Hung comfortably throughout the long gallery, the paintings are structured in ways that suggest (falsely, it seems) that one might be able to resolve the variety of images within each canvas into a coherent subject or site. In certain cases the little scenes are piled up in one area of the canvas, each one jostling with the others for primacy. All of them seem to lack an essential amount of description, and the viewer jumps between them seeking to fill in the gaps. The layering of the scenes, which privileges some of them, runs against one's efforts to discern some visual meaning. Are these all images of one place? Or perhaps different views from the same location? Could some be variations on the same image?

More often, though, the artist gives the scenes room to breathe. In Some Lost Days (2001) the glowing views are distributed across the space without an apparent hierarchy, offering little direction to the viewer. On the gallery's furthest wall the scenes in Cold Sea (2001) are snapped into a square grid in the middle of the colour field, while in Station Stop (2002) they are lined up across the canvas; in both cases their organization hints at some more cogent system. These formal strategies provide only the barest elements, offering up just enough structure or information to keep us looking. This fruitless search never frustrates, in part because the negative space around the vistas seems buoyant and full of light against the vagaries of each image. The colour field becomes a space of respite from the responsibilities of representation.

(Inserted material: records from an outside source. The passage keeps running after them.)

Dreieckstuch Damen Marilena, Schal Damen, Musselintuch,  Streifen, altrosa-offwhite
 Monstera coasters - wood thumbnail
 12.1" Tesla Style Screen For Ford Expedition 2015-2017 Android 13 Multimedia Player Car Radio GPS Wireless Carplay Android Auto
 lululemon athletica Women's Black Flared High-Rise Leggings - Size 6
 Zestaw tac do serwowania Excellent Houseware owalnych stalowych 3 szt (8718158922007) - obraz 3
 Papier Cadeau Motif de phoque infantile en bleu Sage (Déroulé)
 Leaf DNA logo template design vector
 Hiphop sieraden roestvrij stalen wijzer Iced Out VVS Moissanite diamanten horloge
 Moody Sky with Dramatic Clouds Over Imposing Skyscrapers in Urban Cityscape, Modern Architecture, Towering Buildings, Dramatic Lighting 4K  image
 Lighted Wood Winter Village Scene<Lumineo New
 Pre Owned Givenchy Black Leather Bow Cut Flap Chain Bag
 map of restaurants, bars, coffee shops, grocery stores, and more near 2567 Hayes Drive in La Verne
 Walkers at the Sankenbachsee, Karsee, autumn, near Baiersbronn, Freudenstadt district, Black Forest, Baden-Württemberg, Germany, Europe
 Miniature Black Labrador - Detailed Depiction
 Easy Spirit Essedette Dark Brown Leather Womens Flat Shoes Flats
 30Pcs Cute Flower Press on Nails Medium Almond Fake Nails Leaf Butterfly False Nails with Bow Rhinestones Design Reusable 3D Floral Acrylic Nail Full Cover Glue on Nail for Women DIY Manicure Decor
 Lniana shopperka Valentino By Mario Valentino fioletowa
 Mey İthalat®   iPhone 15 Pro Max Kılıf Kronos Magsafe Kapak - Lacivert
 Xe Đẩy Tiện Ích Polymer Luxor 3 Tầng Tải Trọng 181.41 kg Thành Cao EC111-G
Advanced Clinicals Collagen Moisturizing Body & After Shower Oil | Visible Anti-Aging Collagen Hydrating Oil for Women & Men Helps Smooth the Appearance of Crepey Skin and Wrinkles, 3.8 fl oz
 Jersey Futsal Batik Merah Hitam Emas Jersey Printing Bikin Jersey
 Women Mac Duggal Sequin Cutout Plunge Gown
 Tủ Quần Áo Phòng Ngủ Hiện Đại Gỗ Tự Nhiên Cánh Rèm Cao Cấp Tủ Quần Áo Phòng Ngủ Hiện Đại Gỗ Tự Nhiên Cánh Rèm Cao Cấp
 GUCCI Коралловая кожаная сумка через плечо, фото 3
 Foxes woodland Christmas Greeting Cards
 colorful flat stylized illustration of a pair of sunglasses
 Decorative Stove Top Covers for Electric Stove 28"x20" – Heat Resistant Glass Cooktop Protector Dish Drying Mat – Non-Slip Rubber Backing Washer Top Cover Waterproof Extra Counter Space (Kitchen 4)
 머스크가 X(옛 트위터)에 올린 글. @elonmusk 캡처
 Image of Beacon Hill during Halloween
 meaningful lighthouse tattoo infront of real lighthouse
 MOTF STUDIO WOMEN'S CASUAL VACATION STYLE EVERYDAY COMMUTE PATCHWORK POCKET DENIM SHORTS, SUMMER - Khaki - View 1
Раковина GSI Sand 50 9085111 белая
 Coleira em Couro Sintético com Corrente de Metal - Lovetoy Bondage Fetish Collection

It is this undermining of representational depiction that makes clear Bordo's primary interest in the space and vocabulary of abstract painting - a position he has clearly articulated elsewhere. While the failure of each painting's vignettes fully to coalesce connects strongly to the workings of memory, the greater subject of this quiet show appears to be the confrontation - now well over a century old - between painting and photography over the presentation of sublime space. Leave the details to photography's calculated picturesque, seems to be the line, and let painting retreat into that foggy infinitude of Agnes Martin and Mark Rothko. After our postcards and snapshots have made it difficult to remember much else from those good times and nice trips, we can still wander through a bare field of colour, pretending it's all there before our eyes.